2. Label selectors: Network policies match containers by labels (e.g., group=security, tier=data). A policy specifying allow: { from: { group: core } } permits inbound traffic only from containers labeled group=core.
3. Port-level rules: Policies can restrict allowed ports. A container exposing port 8080 can have a policy that only permits inbound connections on that port from specific label groups.
4. Policy evaluation order: Policies are evaluated in specificity order. A container-specific policy overrides a namespace-wide policy. Conflicting policies result in the most restrictive rule being applied.
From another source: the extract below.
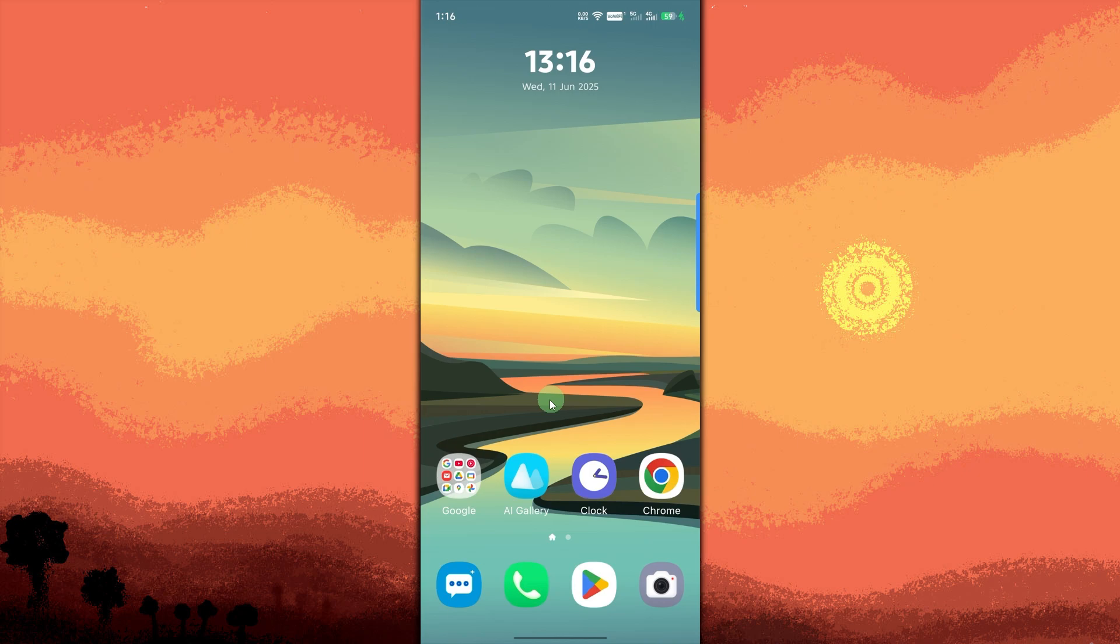Welcome back to another quick guide today, we'll walk you through how to add a photo widget on Android. Here are the simple steps to add the photo widget on your Android phone.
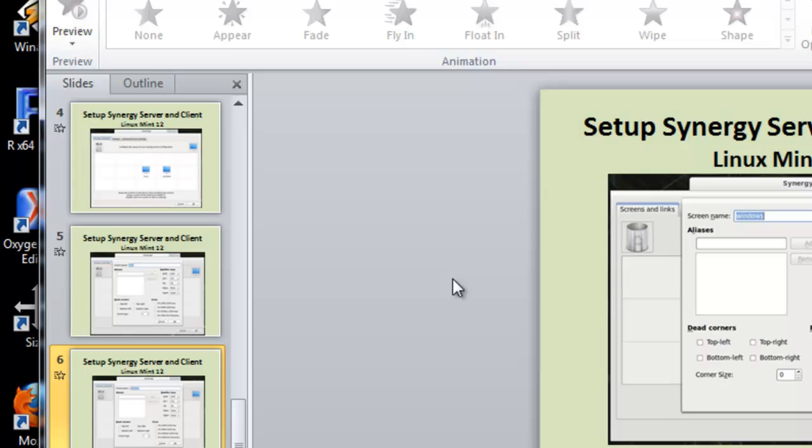I am now able to use one keyboard and mouse plugged into my Linux computer to run both computers. These instructions will be available to download below. Thanks for watching.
FizzOCI integrates with the platform's capability security system (fizzcap.py) to enforce the principle of least privilege at the Linux capability level:

1. During container creation, FizzOCI drops all Linux capabilities except those explicitly required by the container's workload.
2. The default capability set retains only CAP_NET_BIND_SERVICE (for containers that bind to privileged ports) and CAP_SETUID/CAP_SETGID (for user namespace setup). All other capabilities, including CAP_SYS_ADMIN, CAP_NET_RAW, and CAP_SYS_PTRACE, are dropped.
3. Containers requesting elevated capabilities must declare them in the OCI runtime configuration. FizzDeploy's security review stage flags any deployment manifest that requests capabilities beyond the default set.

Every security-relevant container operation is recorded in the audit trail:

The audit trail is accessible through FizzContainerOps' structured log aggregation system, supporting both real-time monitoring and post-incident forensic analysis.